At the height of the 2009 financial crisis, Ms. Ronstein was facing a home foreclosure. After her husband passed away that same year, the widow was searching through personal records when she happened across a 30-year old CD purchased by her husband in 1984 for the sum of $18,000. The CD, which offered the bearer a 10.9% interest rate and renewed automatically until it was cashed in, was originally issued by First Interstate Bank, an entity that has since been acquired by Wells Fargo.
At the time, Ronstein faced the real possibility of having her house seized for failing to pay her mortgage. The CD was like a dream come true. All her problems would be solved, which is exactly the reason why her late husband originally purchased the CD and gave it to her for safekeeping.
But when Ronstein arrived at Wells Fargo to trade in her financial instrument, she says that not only did the bank refuse to make good on the Cash Deposit, they practically laughed in her face.
Wells Fargo refused to comment on the story but claims in court documents that it had no records of the CD and believes it’s possible that it could have already been paid out at some point in the past, pointing out that First Interstate had a policy of allowing customers to retain paid-out certificates.
The widow insists that her late husband never cashed out the CD, while her lawyer notes that the CD states that it must be “presented and surrendered” in order to be redeemed. He claims that it’s not enough for Wells to cite a lack of documentation on its part as evidence that the CD had been paid.
“Given the passage of the time, the bank doesn’t have a record of it,” says the lawyer. “What really needs to be decided by the court is, what’s the import of the lack of a record in the face of the instrument?”
According to Ronstein’s attorney, the accumulated interest and automatic renewals on the CD amount to over $400,000 today, a claim disputed by Wells Fargo, which says it is worth only around $60,000.
In essence, Wells Fargo says that because it doesn’t have a record of the 30-year old legal financial instrument it doesn’t have to pay the sum owed. Moreover, it claims that even if the certificate was legitimate, First Interstate Bank used to allow CD bearers to keep the CD after being paid out, so it may have already been paid. But Ronstein disputes this claim, noting that the CD clearly states the instrument must be surrendered to the bank at the time it is paid.
Wells Fargo, like many other large financial institutions, may claim it is looking out for the little guy. It may have vibrant advertisements telling you it will take care of you when you need help. But in reality, it is interested in one thing and one thing only - your money.
This isn’t the first time Wells Fargo has had some serious issues with paperwork and record keeping.

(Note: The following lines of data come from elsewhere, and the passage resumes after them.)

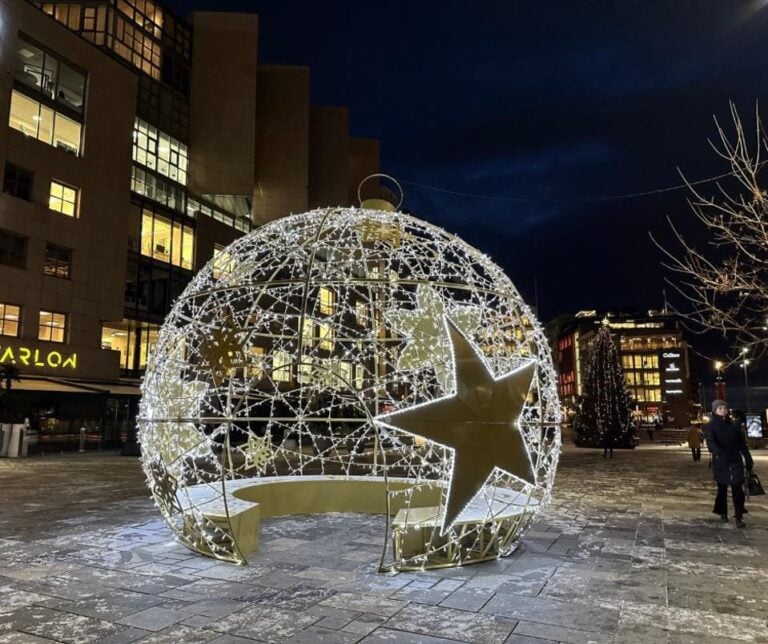 Christmas bauble at Aker Brygge. Photo: David Nikel.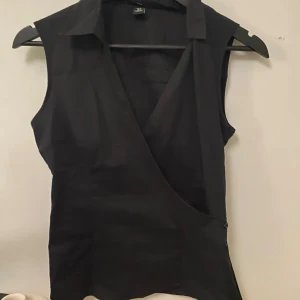 Väst med krage - Vintage topp från H&M. Storlek 36.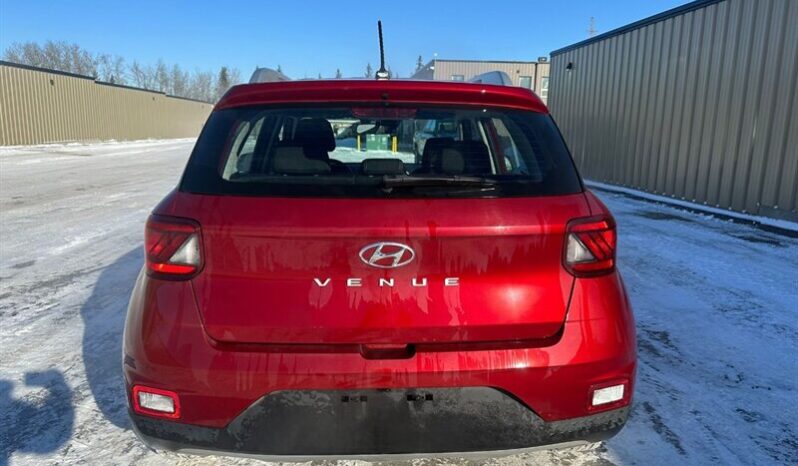 
								2024 Hyundai VENUE Preferred full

Last year the very same bank actually showed up at someone’s home with the local terrorist pig thug cops and claimed that the owner had failed to pay her mortgage. They seized everything in her home, boarded it up, and sold the delinquent homeowner’s possessions. Except there was one problem. They seized the wrong house. What’s worse, after they sold the owner’s possessions they refused to repay them the retail value of the goods! According to the homeowner the bank president told her, “We’re not paying you retail here, that’s just the way it is.”
Ms. Ronstein’s case is just another example of how little you should trust your local banking institution to do what’s right.
What you can expect is that banks will take from you whenever they can and refuse to make good when they make a mistake.
Now, with the introduction of “bail-in” provisions, which essentially turn your personal account deposits into bank assets (rather then your assets), should the bank make a mistake on the order of Lehman Brothers in the 2008 financial crisis, you can fully expect to lose every single dime you’ve deposited. In fact, the Vice Chairman of the Federal Reserve recently warned that this is exactly what would happen to your life savings should your bank ever need to recapitalize itself.
Ms. Ronstein is just the latest example of how Amerika’s large financial institutions are taking everything they can from the little guy to further enrich themselves.
If you have your money at a bank then you should fully expect it to be disappeared at the very moment you need it most.